By now commentators have focused on the rather dramatic reversal in government “contributions” to GDP for the initial Q3 2012 estimate. Nearly all of that government spending came in the defense category, so that will get reversed rather quickly – sequestration or not. The private economy continues to move in the wrong direction, as GDP growth ex-government was the lowest level since the first reappearance of growth in Q3 2009.

Economists might consider this a case of a loss of momentum, but I believe that structural reversion is still taking shape and acting upon key economic sectors. Consumer spending has not been the main driver of current weakness other than an inability of companies to derive or extract increasing growth rates in their top lines. Overall, households have been largely consistent, at least as observed from a top-down perspective. The evenness in PCE imitates what we saw in the artificial housing bubble period.

The primary downward pull has been in business investment. The trend for business expenditures contrasts with the last recovery rather starkly. Business capex out of the 2001 recession grew sharply, then shifted into a steady state growth period. Business investment out of 2009 also grew sharply, but has trended lower ever since. There has been no transition into a steady growth state.

Nonresidential fixed investment, which includes business investment in both structures and equipment, contracted (if only slightly) for the first time since 2009. That is little surprise given the now established downward pattern since the middle of 2011. This trend in the GDP data confirms and conforms to numerous additional data series we have seen this year, including the durable goods report from yesterday:

Total Durables (ex transportation, accounting for $162 billion) Y/Y Shipments +0.3%; Y/Y New Orders -4.63%
Capital Goods (ex aircraft) Y/Y Shipments -2.1%; Y/Y New Orders -9.99%

The indication of capital goods shipments and orders (ex aircraft) looks consistent with this GDP report on business investment appetite.
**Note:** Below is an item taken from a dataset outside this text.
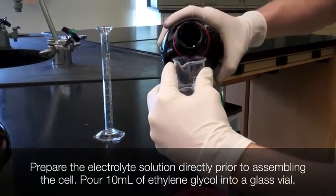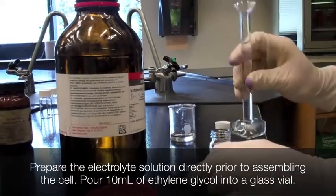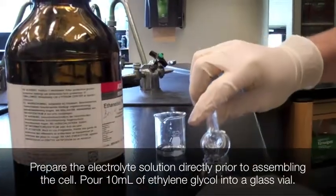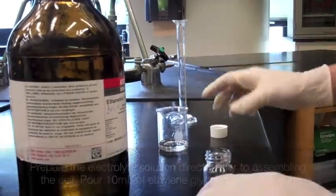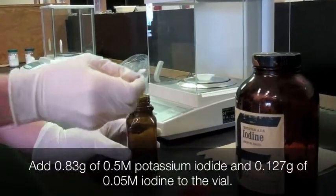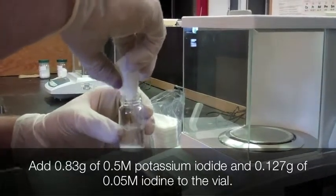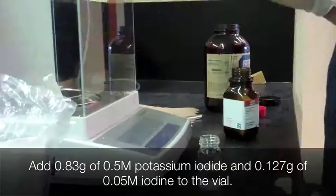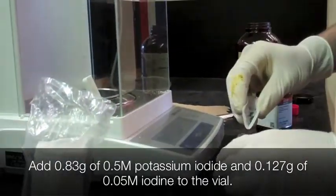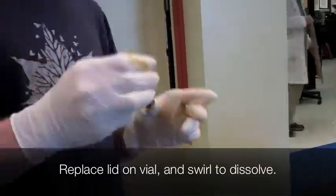To prepare 10 milliliters of an electrolyte solution, pour 10 milliliters of ethylene glycol into a glass vial, avoiding exposure to water. This solution should be made fresh right before assembling the cell. Add 0.83 grams of potassium iodide and 0.127 grams of iodine. Replace the lid on the vial to minimize exposure to air and swirl until everything is dissolved.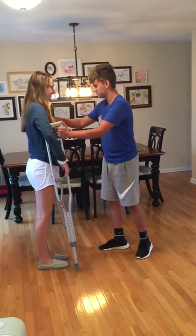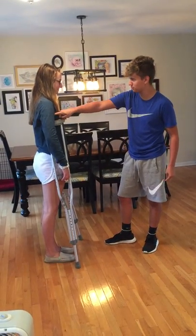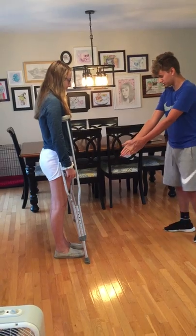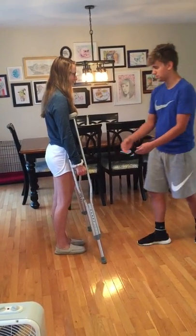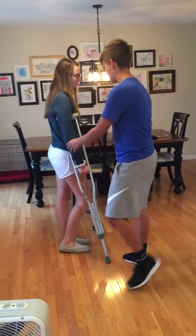You want to make sure to keep an inch in between this part of the crutch and your armpit. Put the crutches in front of your feet by 2 inches and out 6. And make sure to keep your elbows locked at a 30 degree angle.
It simply is not there. If anything, given the scale of the decline in orders, we can expect the downward trend to continue unabated. Anecdotally from earnings reports for Q3, we can surmise the revenue growth problem as a good part of the weakening picture.

Beyond that, the global trade picture is alarming. Europe is a mess, but the entire global trade system is moving decidedly backward. Japanese exports were atrocious, and not only to China (-14% Y/Y) due to their recent political spat. Japanese exports to Europe were down by 21% Y/Y!
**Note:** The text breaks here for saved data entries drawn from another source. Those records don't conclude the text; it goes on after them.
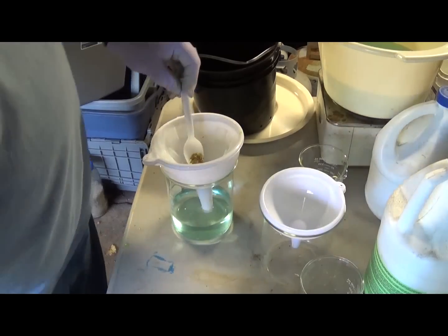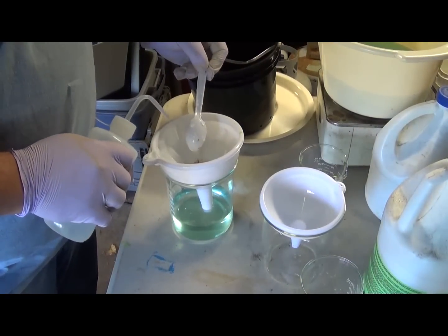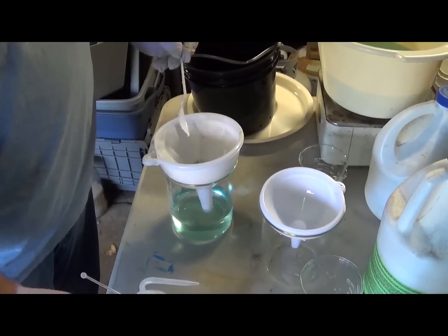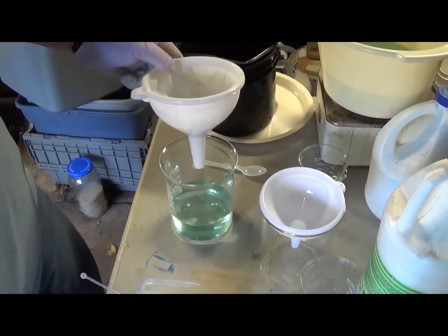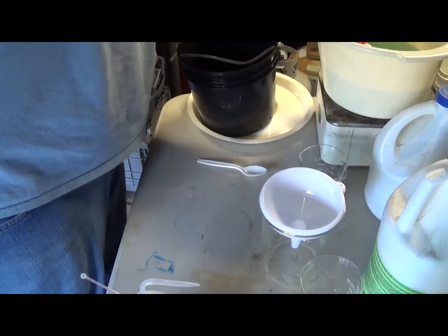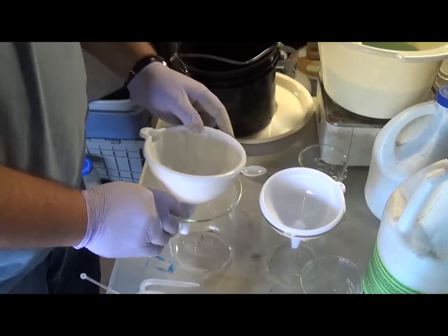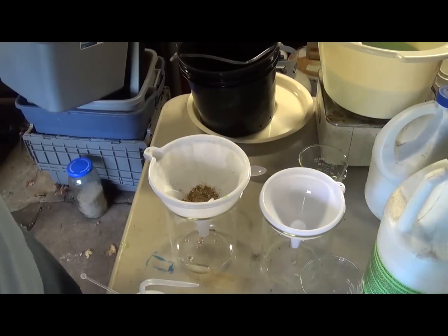The bucket is now clean. I'm going to rinse off my spoon. Double-check your solution and make sure no foils have slipped through — that looks clean. That's quite a bit of foils there. I can feel the weight — and granted it's wet, so it's hard to really gauge it, but there's going to be a few grams there.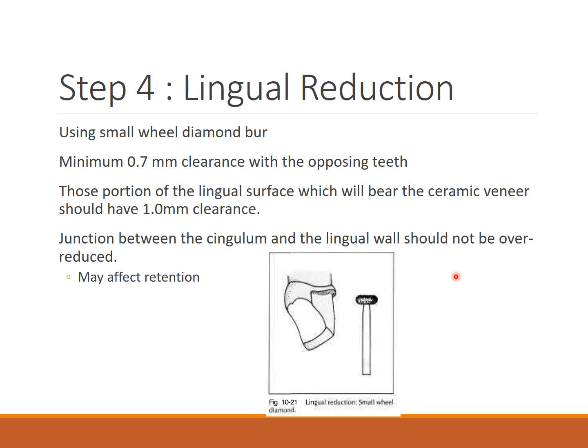For the lingual portion, a small wheel diamond bur is used. Around 0.7 mm clearance with opposing teeth is required. Portions of the lingual surface bearing the ceramic veneer should have at least 1 mm clearance. The junction between the cingulum and lingual wall should not be over-reduced, as this may affect retention.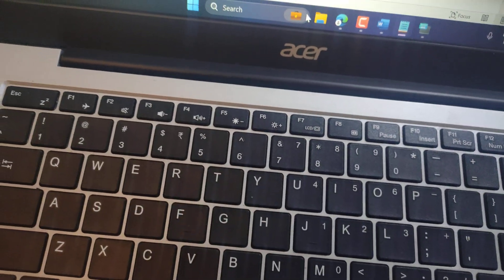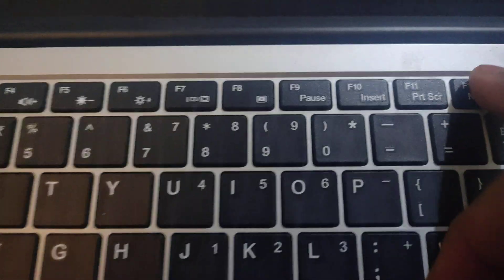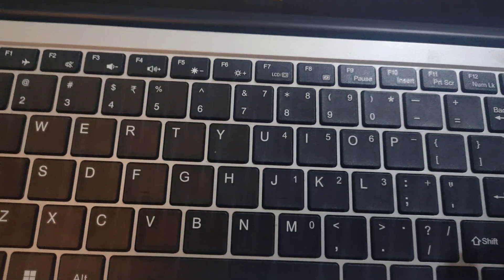Make sure the number key lock (Num Lock) is off. Now press shift and this key.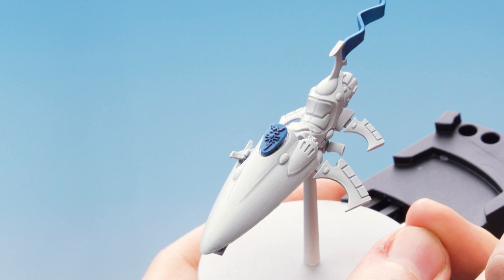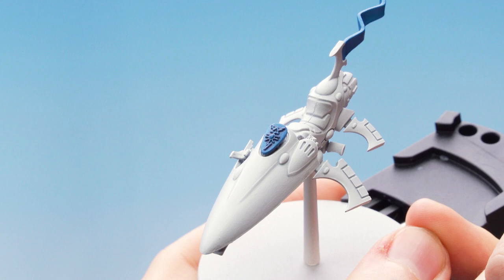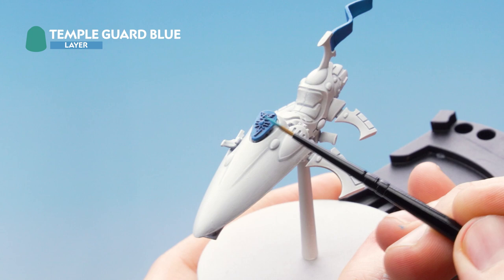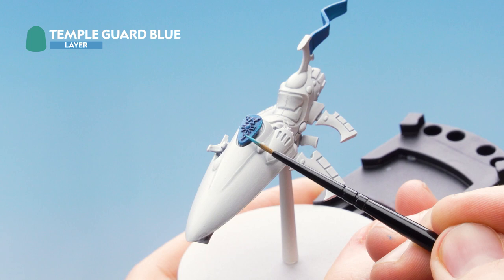Now that the Druchii Nightshade is dry, the next step is to edge highlight using Temple Guard Blue. Run the edge of your brush along the edges of the upper raised area — the same technique as the white — taking your time, dragging the brush along the edge, and going around all the blue areas.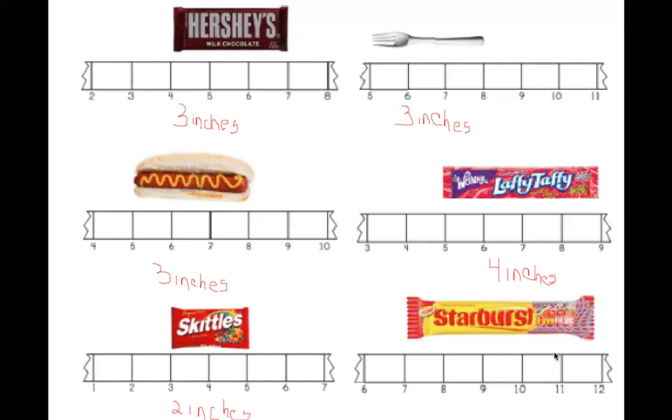And let's count our last one. Five inches.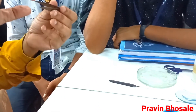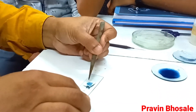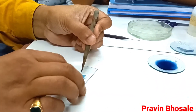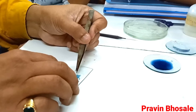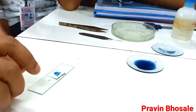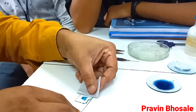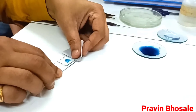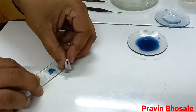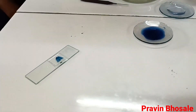Now next is to place the cover slip. Hold the cover slip with the help of a forcep — one end of the cover slip should touch the slide — and slowly remove the forcep. When you place the cover slip, the excess glycerine comes out. Remove it with the help of blotting paper. See that your slide is clean and dry. So the slide is ready.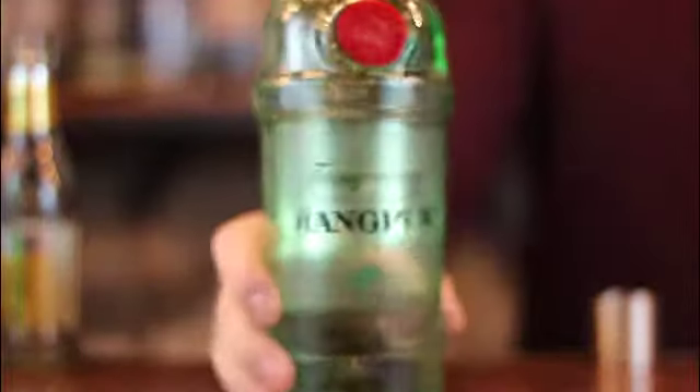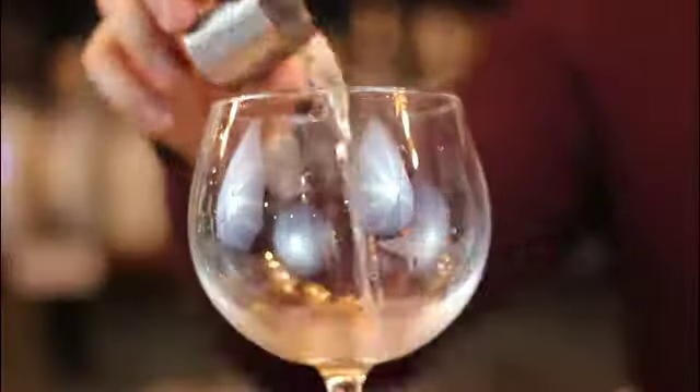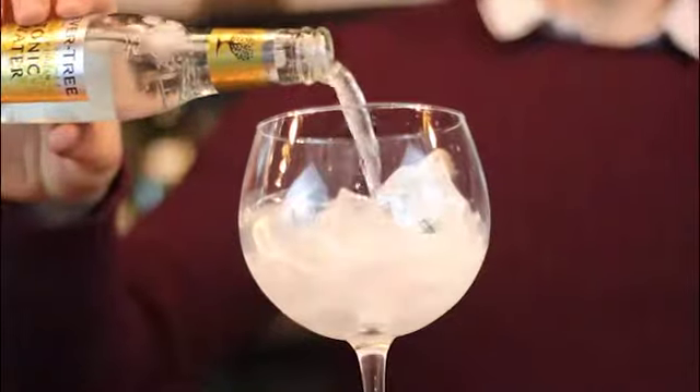Their Rangpur gin is made with Rangpur limes, which are actually more similar to grapefruit in flavour. This makes this gin great with tonic and a slice of grapefruit.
The global trade mess has been trending lower really since 2010 and the first rumblings of crisis, but Q3 2012 has seen the lowest combined trade growth. While import contraction is GDP positive in terms of domestic product estimations, the rather striking decline in import activity is a commentary on the US ability to purchase goods of any origin.
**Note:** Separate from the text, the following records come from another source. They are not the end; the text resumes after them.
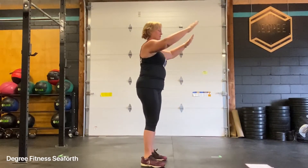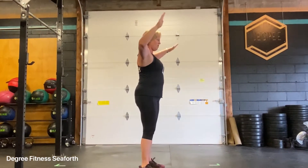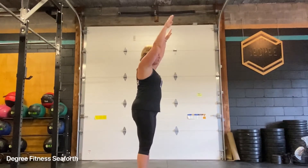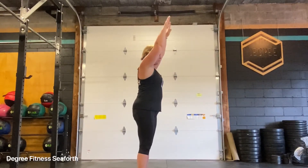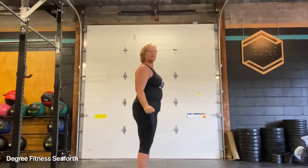From the side view, we're going to start at our bull post, nice and tall. One, two, three, four. One, two, three, four — and you can reverse that one too.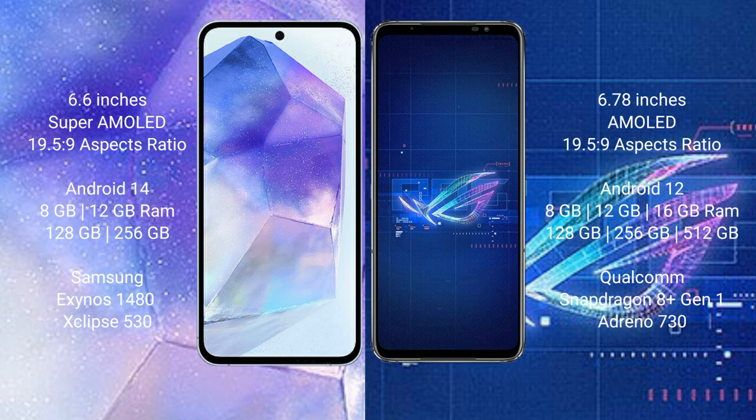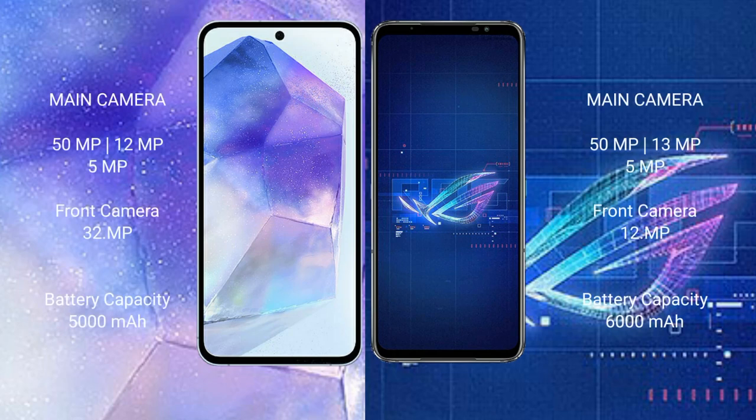The Samsung Galaxy A55 comes with 8GB or 12GB RAM and 128GB or 256GB internal storage. The ASUS ROG Phone 6 comes with 8GB, 12GB, or 16GB RAM and 128GB, 256GB, or 512GB internal storage, powered by a Qualcomm Snapdragon 8 Gen 1 processor.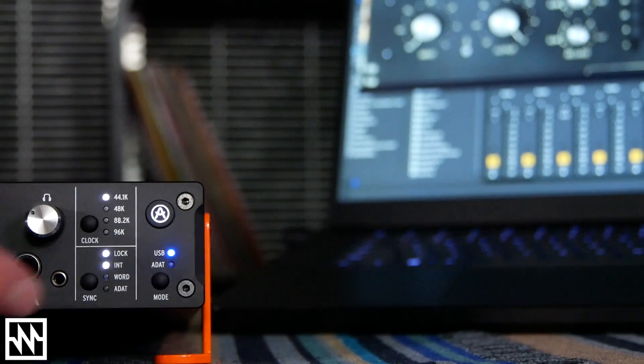One of the things that sets the AudioFuse 8PRE apart from most other 8-preamp interfaces is this button here, which switches it from acting as a USB audio interface to acting as a standalone set of 8 microphone preamps. This is great if you want to run the preamps to a standalone recorder, or if you want to pair two AudioFuse 8PREs together to get 16 preamps — have one set in ADAT mode, one set in USB mode.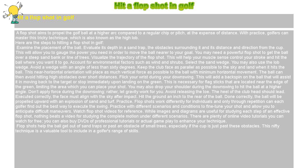Avoid releasing the toe. The heel of the club head should lead. Executed correctly, the face must align with the sky after impact. Hit the ground an inch to the rear of the ball. Done correctly, the ball will be propelled upward with an explosion of sand and turf.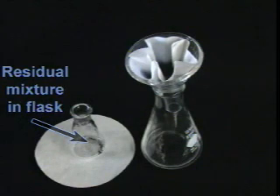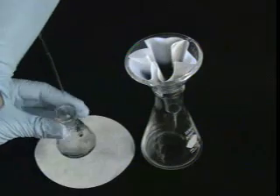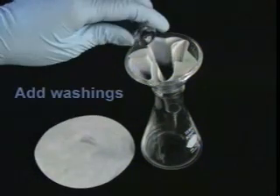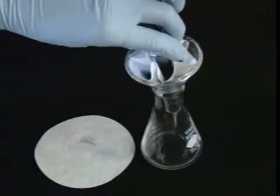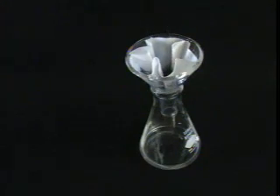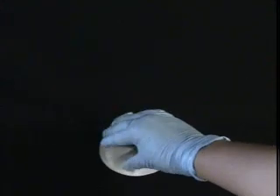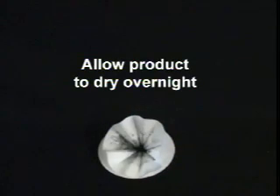But remember, there is always rinsing. Here we can see the residual mixture in the flask. Using a pipette, make sure to rinse your flask with solvent, allowing it to run down the sides and pick up the residual mixture. Then add these washings to the filter paper. Don't forget to rinse the filter paper with solvent as well. You want to rinse your flask and the filter paper three times each. When you think gravity's done all that it can, it's time for collecting the product. If you were aiming for the solid product, take the filter paper out of the funnel and place it on another piece of filter paper or a watch glass, and allow the product to dry overnight.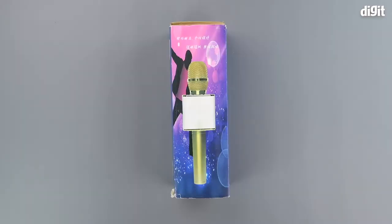Hello and welcome to Digit. In this video we will be unboxing the Megawatt V3T wireless singing mic and speaker.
Regardless of headlines, these trends are all heading in the wrong direction at the same time. It is not simply a matter of Europe’s problems cresting on our shores, it is a combination of “bad” factors simultaneously acting on the domestic economy. Any economic system is resilient, but rebounding from shrinking corporate earnings, shrinking corporate spending and imploding global trade is perhaps too much to ask.